What you will do.
Beginning with the opening line, set down each line of the material below exactly, stopping once the line with "Momento en que" is done.

Provided data.
↓↓↓

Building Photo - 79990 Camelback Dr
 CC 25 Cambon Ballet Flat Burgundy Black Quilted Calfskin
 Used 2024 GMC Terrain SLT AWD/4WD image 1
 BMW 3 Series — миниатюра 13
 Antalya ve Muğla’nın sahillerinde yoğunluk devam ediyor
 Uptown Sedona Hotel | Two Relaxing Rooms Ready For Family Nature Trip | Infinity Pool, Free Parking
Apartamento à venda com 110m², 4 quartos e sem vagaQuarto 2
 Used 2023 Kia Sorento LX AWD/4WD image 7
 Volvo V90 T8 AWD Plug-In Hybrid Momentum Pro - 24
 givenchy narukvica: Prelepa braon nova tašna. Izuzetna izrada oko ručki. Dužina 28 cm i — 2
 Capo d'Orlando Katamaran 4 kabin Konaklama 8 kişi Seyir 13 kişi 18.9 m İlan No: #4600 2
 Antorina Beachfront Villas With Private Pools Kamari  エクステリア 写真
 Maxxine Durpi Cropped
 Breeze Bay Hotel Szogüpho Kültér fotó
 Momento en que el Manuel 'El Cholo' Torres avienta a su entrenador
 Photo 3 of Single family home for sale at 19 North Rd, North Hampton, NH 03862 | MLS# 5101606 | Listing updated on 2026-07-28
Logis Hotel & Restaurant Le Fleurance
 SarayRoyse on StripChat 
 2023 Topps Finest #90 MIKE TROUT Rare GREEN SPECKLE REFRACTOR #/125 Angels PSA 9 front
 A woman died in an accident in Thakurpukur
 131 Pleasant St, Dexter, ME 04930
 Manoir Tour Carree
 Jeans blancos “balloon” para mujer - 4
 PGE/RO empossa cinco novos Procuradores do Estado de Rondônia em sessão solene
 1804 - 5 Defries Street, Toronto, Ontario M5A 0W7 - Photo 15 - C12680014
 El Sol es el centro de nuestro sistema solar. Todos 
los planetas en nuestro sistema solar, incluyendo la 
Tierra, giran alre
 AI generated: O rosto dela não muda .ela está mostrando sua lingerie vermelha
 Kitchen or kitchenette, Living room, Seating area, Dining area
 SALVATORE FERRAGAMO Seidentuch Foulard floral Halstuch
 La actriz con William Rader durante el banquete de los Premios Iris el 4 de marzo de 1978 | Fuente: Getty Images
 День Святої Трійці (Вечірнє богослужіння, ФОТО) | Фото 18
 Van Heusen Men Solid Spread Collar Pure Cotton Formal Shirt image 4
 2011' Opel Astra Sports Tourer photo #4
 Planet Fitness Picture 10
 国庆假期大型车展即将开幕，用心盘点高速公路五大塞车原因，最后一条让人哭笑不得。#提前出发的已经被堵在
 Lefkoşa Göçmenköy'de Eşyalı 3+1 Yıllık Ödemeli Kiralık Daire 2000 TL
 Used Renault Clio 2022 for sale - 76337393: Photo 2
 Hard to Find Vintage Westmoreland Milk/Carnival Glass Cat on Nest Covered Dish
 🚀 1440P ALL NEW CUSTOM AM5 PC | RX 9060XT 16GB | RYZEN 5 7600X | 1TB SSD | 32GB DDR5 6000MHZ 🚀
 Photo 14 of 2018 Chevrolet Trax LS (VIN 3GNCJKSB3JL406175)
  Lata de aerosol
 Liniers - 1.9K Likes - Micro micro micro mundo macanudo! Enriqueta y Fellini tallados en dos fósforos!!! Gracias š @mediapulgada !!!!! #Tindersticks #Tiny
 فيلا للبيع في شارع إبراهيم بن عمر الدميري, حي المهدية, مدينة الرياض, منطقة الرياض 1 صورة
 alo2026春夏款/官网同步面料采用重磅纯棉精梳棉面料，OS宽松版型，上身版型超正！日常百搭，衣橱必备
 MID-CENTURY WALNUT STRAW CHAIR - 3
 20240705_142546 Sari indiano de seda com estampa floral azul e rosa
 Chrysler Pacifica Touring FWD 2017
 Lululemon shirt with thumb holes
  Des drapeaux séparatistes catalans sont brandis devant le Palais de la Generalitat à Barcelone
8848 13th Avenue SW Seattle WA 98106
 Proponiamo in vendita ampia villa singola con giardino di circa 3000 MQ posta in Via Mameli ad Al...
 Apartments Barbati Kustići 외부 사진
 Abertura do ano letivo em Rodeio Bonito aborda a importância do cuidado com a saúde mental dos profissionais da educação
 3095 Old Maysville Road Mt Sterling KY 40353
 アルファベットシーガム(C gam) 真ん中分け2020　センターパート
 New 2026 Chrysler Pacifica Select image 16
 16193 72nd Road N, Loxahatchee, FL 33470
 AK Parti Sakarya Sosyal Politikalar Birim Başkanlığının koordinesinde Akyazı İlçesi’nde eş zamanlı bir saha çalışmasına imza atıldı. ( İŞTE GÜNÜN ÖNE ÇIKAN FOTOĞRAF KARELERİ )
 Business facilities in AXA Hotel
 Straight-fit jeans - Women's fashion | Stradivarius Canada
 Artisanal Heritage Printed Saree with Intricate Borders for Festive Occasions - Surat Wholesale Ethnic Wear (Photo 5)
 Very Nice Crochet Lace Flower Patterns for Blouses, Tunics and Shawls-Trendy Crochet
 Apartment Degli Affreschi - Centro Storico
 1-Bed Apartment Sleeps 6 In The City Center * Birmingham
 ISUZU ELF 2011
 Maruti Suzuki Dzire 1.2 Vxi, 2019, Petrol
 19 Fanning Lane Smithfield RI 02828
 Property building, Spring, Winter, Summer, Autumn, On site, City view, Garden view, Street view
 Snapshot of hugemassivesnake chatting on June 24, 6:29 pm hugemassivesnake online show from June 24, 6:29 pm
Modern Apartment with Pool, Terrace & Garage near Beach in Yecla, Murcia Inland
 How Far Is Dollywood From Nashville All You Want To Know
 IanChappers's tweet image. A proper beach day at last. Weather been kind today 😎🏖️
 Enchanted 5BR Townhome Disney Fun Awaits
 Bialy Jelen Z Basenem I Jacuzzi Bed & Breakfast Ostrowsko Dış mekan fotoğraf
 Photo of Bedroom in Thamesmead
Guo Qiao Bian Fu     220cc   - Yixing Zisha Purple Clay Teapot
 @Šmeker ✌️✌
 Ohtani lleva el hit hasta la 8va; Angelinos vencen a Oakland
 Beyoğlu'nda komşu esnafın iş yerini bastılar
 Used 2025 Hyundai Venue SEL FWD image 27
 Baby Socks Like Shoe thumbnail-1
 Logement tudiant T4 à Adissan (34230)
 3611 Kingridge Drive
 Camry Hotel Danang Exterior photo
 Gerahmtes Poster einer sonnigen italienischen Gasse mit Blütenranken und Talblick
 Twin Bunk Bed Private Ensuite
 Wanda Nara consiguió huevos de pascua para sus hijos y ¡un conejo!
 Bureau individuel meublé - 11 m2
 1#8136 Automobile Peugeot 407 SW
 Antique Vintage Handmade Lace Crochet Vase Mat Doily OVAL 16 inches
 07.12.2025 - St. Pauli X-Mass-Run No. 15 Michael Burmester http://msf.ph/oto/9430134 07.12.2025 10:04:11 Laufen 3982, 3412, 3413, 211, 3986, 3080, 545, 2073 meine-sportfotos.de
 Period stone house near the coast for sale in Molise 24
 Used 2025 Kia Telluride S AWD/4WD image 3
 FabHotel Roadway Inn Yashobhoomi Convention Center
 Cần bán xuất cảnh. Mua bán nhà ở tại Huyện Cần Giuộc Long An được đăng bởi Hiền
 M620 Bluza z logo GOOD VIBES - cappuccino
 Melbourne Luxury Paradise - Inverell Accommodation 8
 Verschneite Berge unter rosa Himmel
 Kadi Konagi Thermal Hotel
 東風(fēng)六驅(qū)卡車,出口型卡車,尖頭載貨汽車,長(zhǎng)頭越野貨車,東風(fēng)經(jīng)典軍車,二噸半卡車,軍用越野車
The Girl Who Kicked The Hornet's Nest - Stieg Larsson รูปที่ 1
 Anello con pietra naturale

↑↑↑

Answer space.
Building Photo - 79990 Camelback Dr
 CC 25 Cambon Ballet Flat Burgundy Black Quilted Calfskin
 Used 2024 GMC Terrain SLT AWD/4WD image 1
 BMW 3 Series — миниатюра 13
 Antalya ve Muğla’nın sahillerinde yoğunluk devam ediyor
 Uptown Sedona Hotel | Two Relaxing Rooms Ready For Family Nature Trip | Infinity Pool, Free Parking
Apartamento à venda com 110m², 4 quartos e sem vagaQuarto 2
 Used 2023 Kia Sorento LX AWD/4WD image 7
 Volvo V90 T8 AWD Plug-In Hybrid Momentum Pro - 24
 givenchy narukvica: Prelepa braon nova tašna. Izuzetna izrada oko ručki. Dužina 28 cm i — 2
 Capo d'Orlando Katamaran 4 kabin Konaklama 8 kişi Seyir 13 kişi 18.9 m İlan No: #4600 2
 Antorina Beachfront Villas With Private Pools Kamari  エクステリア 写真
 Maxxine Durpi Cropped
 Breeze Bay Hotel Szogüpho Kültér fotó
 Momento en que el Manuel 'El Cholo' Torres avienta a su entrenador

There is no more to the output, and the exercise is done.